Enigmatic is a word that I own in my vocabulary (if I remember correctly it came into my possession in 1998) but it is saved for very special occasions. Today I have taken that word out, given it a good polish and am ready to use it again.
With sunny weather and a few minus degrees forecast for today I decided to walk around Maridalen. As my walks through the forest often produce very little whereas when I drive I find all manner of good things I decided on a circular walk on the minor roads. It all started a bit slowly and at the pork feeding station a film crew had taken over the whole area so there were no birds to see here. I stopped frequently to listen and had my eyes peeled but there were no large finches to be seen (not even Bullfinches). After two and a half hours when I was nearly back to the car (sound familiar) I heard a Bullfinch (dompap) and then 100 metres ahead of me a large finch flew over the road. No alarm bells rang at this stage but when two more birds flew over I knew that I was in luck. Six Pine Grosbeaks (konglebit) flew over the road from one spruce tree to another. I positioned myself by the tree and looked and listened. It took a while to see even a single bird in the dense tree but eventually I was able to see a few birds. They were incredibly quiet and if I hadn’t seen them in flight I could have walked past without noticing them. I watched them in the same tree from 11.48 until 12.13 – a total of 25 minutes in one tree. It was clear that there were more than the six birds I had seen fly in and I estimated there to be 12. When they finally flew out (after having given the “we are about to move on” whistle) a total of 25 flew out. How can such a large colourful bird remain hidden in the same tree for 25 minutes and then suddenly fly out to reveal a flock of 25 birds?
Pine Grosbeak must qualify to have the adjective enigmatic placed before it! THE ENIGMATIC PINE GROSBEAK is without doubt one of my favourite birds and I can’t get enough of them. They have now been present in Maridalen since 29 October and this is the 10th time I have seen them. They are not easy to find but do reward perseverance.
I fired off about 230 pictures in reasonable light but they were always in the top third of the tree so never came that close and very few pictures were any good. Also I only saw one red male although I must admit to finding the orange young males to be even smarter.
|male Pine Grosbeak nipping off shoots from a spruce tree|
|female Pine Grosbeaks|
|when they are feeding they are always stretching which can result in much wing flapping|
|these two are both young males I think due to orangey colouring|
|a shoot succesfully nipped off the tree and about to be eaten|
|looking for food|
|this bird is a definite young male with the orange head contrasting with the grey body|
|a young male Pine Grosbeak stretching as far as he can for a shoot|
Later in the day I tried to find if there were any Med Gulls at Marienlyst (where a bird overwintered last winter). I threw out bread and 80 Common Gulls (fiskemåke) gathered over me but they were very wary and none came down to take the bread whilst I was there. I think they only trust old ladies and believe that men with binoculars are likely to try to put a ring around their leg. Oslo’s Collared Doves (tyrkerdue) were present at their regular wintering locality with 19 birds counted. This species is becoming very scarce in Norway now and the food they find in this park in the winter is probably what keeps them going in Oslo.

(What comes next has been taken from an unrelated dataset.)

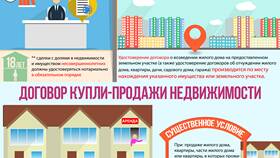 Для чего нужен СНИЛС при продаже квартиры в Детский мир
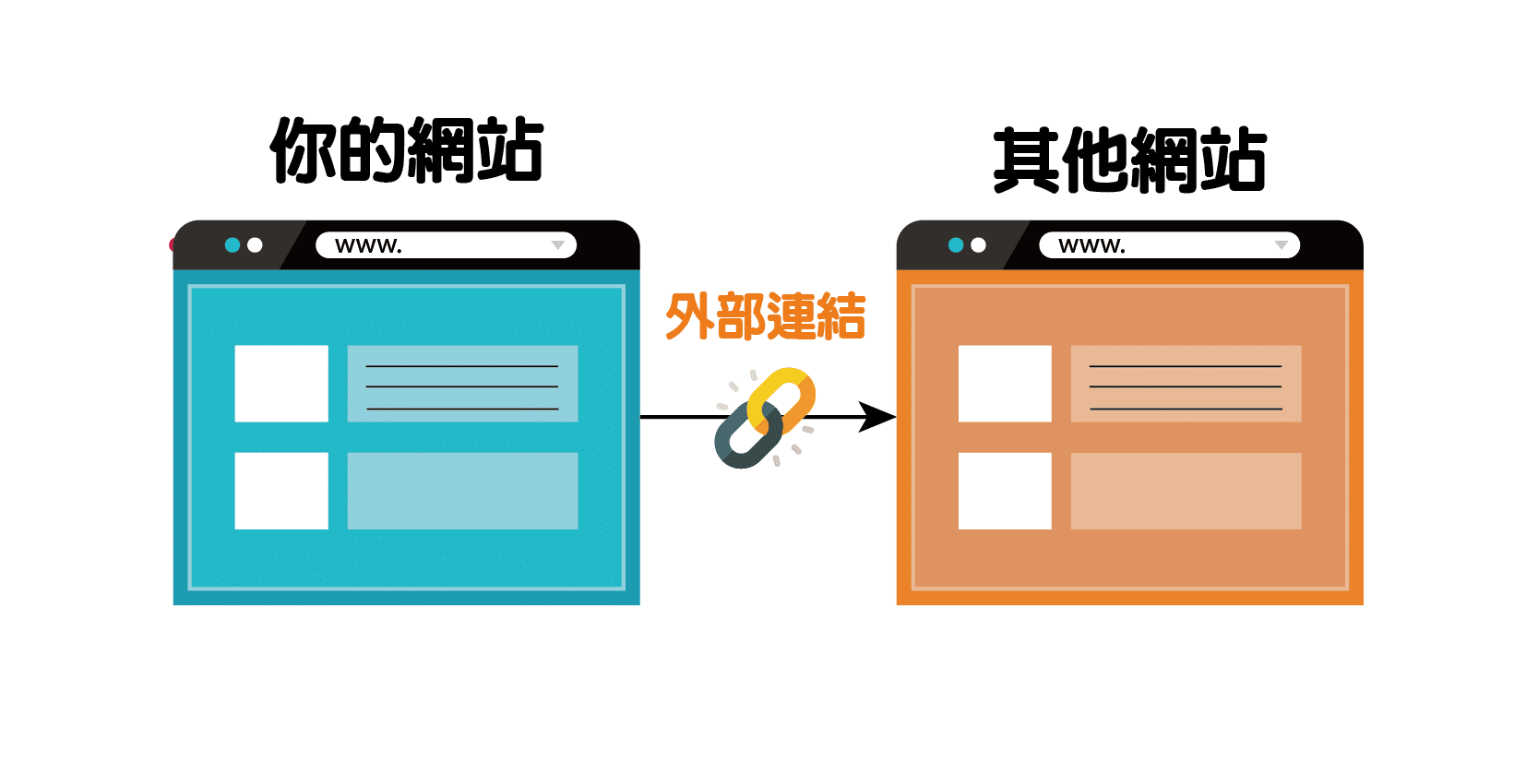 利用外部鏈接與合作提升網站流量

At Bygdøy a couple of Long-tailed Ducks (havelle) on the sea were a very good Oslo bird but no grebes, divers or white-winged gulls to find.
At least 5 Hawk Owls were seen in Akershus, close to Oslo, today (three being previously reported birds) so the invasion is far from over. After a few days of fog today clear skies and sunshine presumably prompted a lot of sitting exposed and soaking up the rays.